Así fue la Plaza, que no era de nadie sino de todos. Donde no se escucharon insultos ni intentos ventajeros. Justicia para las 51 víctimas de Once. Mucha paz, firmeza en el reclamo y la sensación de estar dejando una estela en el azul del horizonte, para que algunas cosas empiecen a cambiar.
Fueron todas lecciones que los familiares nos dieron casi sin proponerlo. Nos estaban enseñando a ser mejores. Demostraron que lo son, que el enorme y único dolor podía trastocar en amor.
Y ayer volví a tener esa sensación de que había alguien que estaba dando una lección y que estamos obligados a escucharla.

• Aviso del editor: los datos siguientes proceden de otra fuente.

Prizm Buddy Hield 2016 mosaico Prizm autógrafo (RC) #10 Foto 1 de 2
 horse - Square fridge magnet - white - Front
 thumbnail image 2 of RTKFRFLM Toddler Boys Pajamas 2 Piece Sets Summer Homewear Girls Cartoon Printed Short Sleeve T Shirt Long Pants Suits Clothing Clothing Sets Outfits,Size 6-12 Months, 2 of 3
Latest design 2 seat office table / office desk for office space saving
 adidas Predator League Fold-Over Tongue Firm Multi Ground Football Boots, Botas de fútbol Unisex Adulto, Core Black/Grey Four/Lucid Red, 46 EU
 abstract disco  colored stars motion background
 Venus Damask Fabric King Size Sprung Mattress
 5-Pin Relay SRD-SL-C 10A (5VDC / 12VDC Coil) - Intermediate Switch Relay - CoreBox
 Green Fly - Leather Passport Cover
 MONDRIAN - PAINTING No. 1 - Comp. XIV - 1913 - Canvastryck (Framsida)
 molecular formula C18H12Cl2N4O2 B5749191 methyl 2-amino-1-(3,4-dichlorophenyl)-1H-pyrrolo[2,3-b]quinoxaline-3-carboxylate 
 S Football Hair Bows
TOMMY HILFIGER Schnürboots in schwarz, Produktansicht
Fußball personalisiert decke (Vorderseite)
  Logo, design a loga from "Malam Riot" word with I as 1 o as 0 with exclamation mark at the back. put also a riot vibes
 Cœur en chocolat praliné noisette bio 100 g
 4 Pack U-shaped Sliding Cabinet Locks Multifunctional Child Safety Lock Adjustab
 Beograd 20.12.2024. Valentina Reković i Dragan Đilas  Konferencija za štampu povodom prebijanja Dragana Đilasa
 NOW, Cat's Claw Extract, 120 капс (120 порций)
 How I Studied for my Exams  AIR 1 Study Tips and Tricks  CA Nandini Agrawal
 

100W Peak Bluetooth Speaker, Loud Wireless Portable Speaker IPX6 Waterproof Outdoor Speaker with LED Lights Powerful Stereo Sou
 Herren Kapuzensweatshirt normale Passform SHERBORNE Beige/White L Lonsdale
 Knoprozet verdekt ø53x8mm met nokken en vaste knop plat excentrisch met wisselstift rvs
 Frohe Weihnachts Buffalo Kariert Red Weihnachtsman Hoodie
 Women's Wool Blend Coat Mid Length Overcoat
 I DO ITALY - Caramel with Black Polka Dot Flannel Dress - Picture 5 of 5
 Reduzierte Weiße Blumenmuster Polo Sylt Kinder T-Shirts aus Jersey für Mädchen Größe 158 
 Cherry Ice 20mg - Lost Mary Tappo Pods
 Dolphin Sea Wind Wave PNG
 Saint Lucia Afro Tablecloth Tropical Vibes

Después de la muerte de Reinaldo Rodas, arrollado en la Panamericana por Pablo García, el padre de éste, el periodista Eduardo Aliverti, en un intento por pararse en el centro de la escena, lanzó una provocación inexplicable invitando a debatir sobre «ética periodística». Le contestó con altura y mucha sensatez, el hermano de Rodas, Sergio, sugiriendo que sería más importante debatir sobre la irresponsabilidad de quienes conducen ebrios. No podía ser de otra manera. Pretender un giro al debate para distraer la atención del lugar donde sin duda debe estar, tuvo, otra vez, una respuesta aleccionadora, de aquellos que explicitan con sencillez la sabiduría de la vida, muchas veces lejos de la que algunos creen que pueden extraer de sus vínculos de poder.
Las sociedades construyen sus reglas de acuerdo a lo que ven, a lo que escuchan de sus dirigentes. La Presidenta ha intentado varias veces poner el dolor por la muerte de su marido, en parangón con el dolor de las familias que perdieron a sus seres queridos en una tragedia provocada por la irresponsabilidad y la corrupción de empresarios y funcionarios sostenidos por ella misma. La Justicia dio una oportuna respuesta describiendo el entramado mafioso y cómplice de los referentes del sector público y privado que desviaron durante años de gobierno kirchnerista miles de millones que pasaron a engrosar sus propios bolsillos, a costa de la calidad del servicio, y finalmente a costa de la vida y la salud de muchos argentinos.
Se necesitan conductas ejemplares para definir el rumbo de una Nación que se debate, por suerte, eligiendo la sensatez de los humildes antes que la soberbia de los poderosos.
Ha sido una semana de buenas lecciones. Esperemos haberlas aprendido.